Pitch
Pan’s Labyrinth meets Chucky
Puerto Rico, 1898. When her father is called to fight the Americans, twelve-year-old Violeta de Cervantes moves with her mean aunt to a remote convent. Having already lost her mother, Violeta is anxious without her father by her side, so she looks for connection in the hundreds of dolls her aunt keeps. One day, Violeta damages a forbidden doll…and now the doll wants atonement—or else she’ll turn Violeta into a doll.

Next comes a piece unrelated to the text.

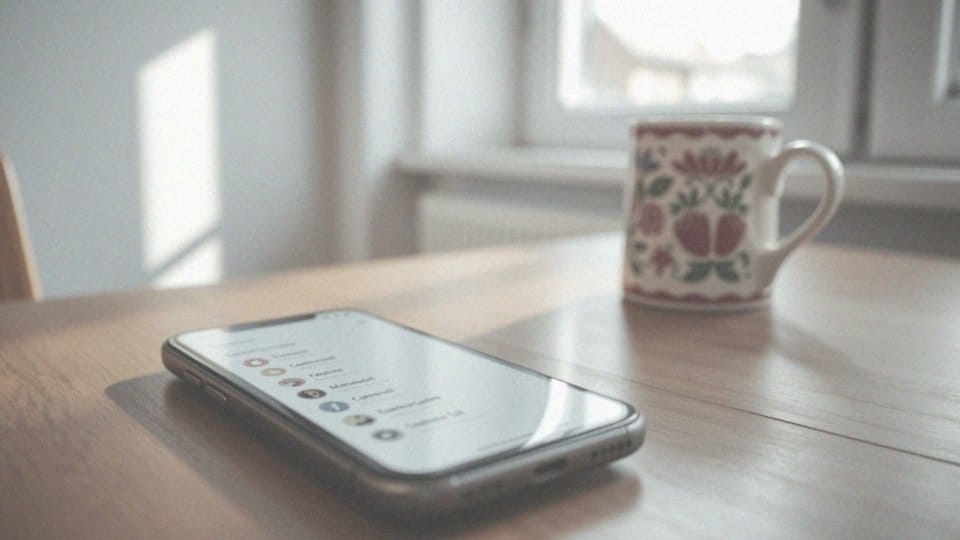 Jak odblokować połączenia przychodzące? Praktyczny poradnik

As isolation sets in, Violeta’s only comforts are her cat and writing letters to her best friend, unanswered letters that describe her gradual transformation and her escalating attempts to reverse it: First, she burns her mother’s photo as sacrifice; then, an offering of blood by slashing her hand. But these offerings don’t work. Will Violeta turn completely into a doll, or will she lose her moral purity forever and offer a much bigger sacrifice…a toddler? But is she really turning into a doll…or is it all in her head?
Chapter One
Puerto Rico
May 26, 1898
It’s rocky and bumpy inside the carriage. My stomach is squeezed into a knot, and it’s hard to balance the desk on my lap. Dina looks miserable inside her carrier, even though she’s snuggled in my old baby blanket. Poor Dolores. She sits across from me with her ringlets spilling out of her lopsided hat and a frown that hasn’t left her forehead since we left. Once in a while she fans herself with her abanico, or she touches the rosary that hangs from her neck.

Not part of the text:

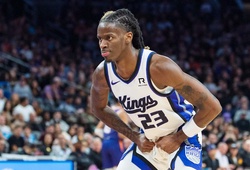 Chuyển nhượng NBA: Hơn 15 đội bóng muốn giải cứu Keon Ellis khỏi Sacramento Kings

‘Think of it as one of Alice’s adventures,’ Dolores said last night, gesturing to my favorite book, which I’d been reading again.
I wonder how Alice would feel if she were me. On my way to an unknown world with Dina by my side. I touch Mami’s photo inside my pocket. That usually makes me feel better, but now it only reminds me of how she’s gone, and now Papi is too. For a while I try to distract myself with the landscape. We wind through coffee farms dotted with workers, past sugar cane fields with emerald-green stalks glistening in the sun. Far away beyond the rolling hills, I can see the sea.
The clatter of the horses’ hooves echoes in my ear as I pull out a sheet of paper and set it on the writing slope. I dip the quill into the ink well and I’m about to write today’s date when a sudden jolt shakes the carriage—
‘Meooww!’ Dina yowls.
‘Oh!’ The quill falls from my hand and a blotch of ink spiders outwards onto the page, spreading like a shadow.
‘Careful, your dress!’ Dolores says, putting down her fan.
I glance down at my white lace dress, now sprinkled with ink droplets. Oh well.
‘That was Brussels lace,’ Dolores says.